In my 'PowerBuilder' days, I would simply have created the events with a
return code and checked that. I know the compiler lets me do that but it
didn't seem to clear how to capture that in .Net. Not that I'm all that
sure how to capture the EventArgs either. Do I need to be passing them as
ref? What I have so far is obviously a work in progress. I started using
return values but suddenly I had concerns about what to do when 1) there
are layers of descendants and 2) when other events subscribe.

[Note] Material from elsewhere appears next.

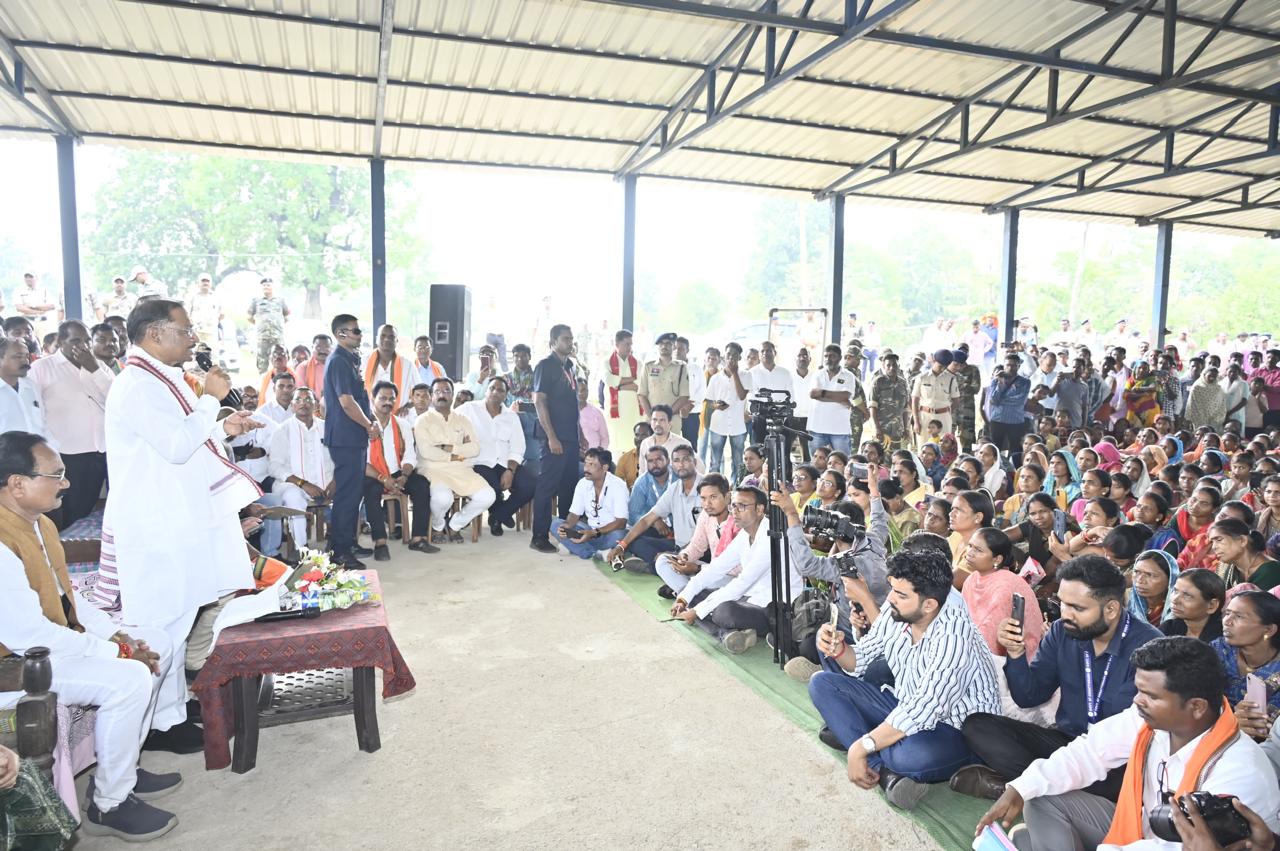 CG News- सुशासन तिहार: कांकेर जिले के इस ग्राम में उतरा मुख्यमंत्री साय का हेलिकॉप्टर, चारपाई में बैठकर ग्रामीणों से किया संवाद, करोड़ों के विकासकार्यों की दी सौगात….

I'm starting to think is that maybe it is the OnEventFire method that is
really suppose to be doing the logically sorting out of return code /
eventArgs and if it finds one that returns -1 or something it jumps in an
processes it?

public delegate int DWAddRowEventHandler (Object sender,
RowActionEventArgs args);
public delegate int DWPreInsertRowEventHandler (Object sender,
RowActionEventArgs args);
public delegate int DWInsertRowEventHandler (Object sender,
RowActionEventArgs args);
public delegate int DWPostInsertRowEventHandler (Object sender,
RowActionEventArgs args);

public event DWAddRowEventHandler DWAddRow ;
public event DWPreInsertRowEventHandler DWPreInsertRow ;
public event DWInsertRowEventHandler DWInsertRow ;
public event DWPostInsertRowEventHandler DWPostInsertRow ;

protected virtual int DWPreInsertRow(Object sender, RowActionEventArgs
args){return 0;}
protected virtual int DWInsertRow( Object sender, RowActionEventArgs
args)
{
int rc;

rc = this.OnDWPreInsertRow(e);
if (rc < 0) return rc;

rc = this.InsertRow( beforeRow );

this.DWPostAddRow(); //************ should this be something like
start a new low priority thread? Seems a touch complicated to do that?

return rc;
}

protected virtual int DWPostInsertRow(Object sender, RowActionEventArgs
args){}

protected virtual int OnDWAddRow( RowActionEventArgs e )
{
if (DWAddRow != null) {
e.beforeRow = 0;
return DWAddRow( this, e);
}
return 0;
}

protected virtual int OnDWPreInsertRow( RowActionEventArgs e )
{
if (DWAddRow != null) return DWAddRow( this, e);
return 0;
}

protected virtual int OnDWInsertRow( RowActionEventArgs e )
{
if (DWAddRow != null) return DWAddRow( this, e);
return 0;
}

protected virtual int OnDWPostInsertRow( RowActionEventArgs e )
{
if (DWAddRow != null) return DWAddRow( this, e);
return 0;
}

Thanks so much for any help. I mostly trying to avoid do a bunch of
useless work because I don't quite understand a couple of concepts.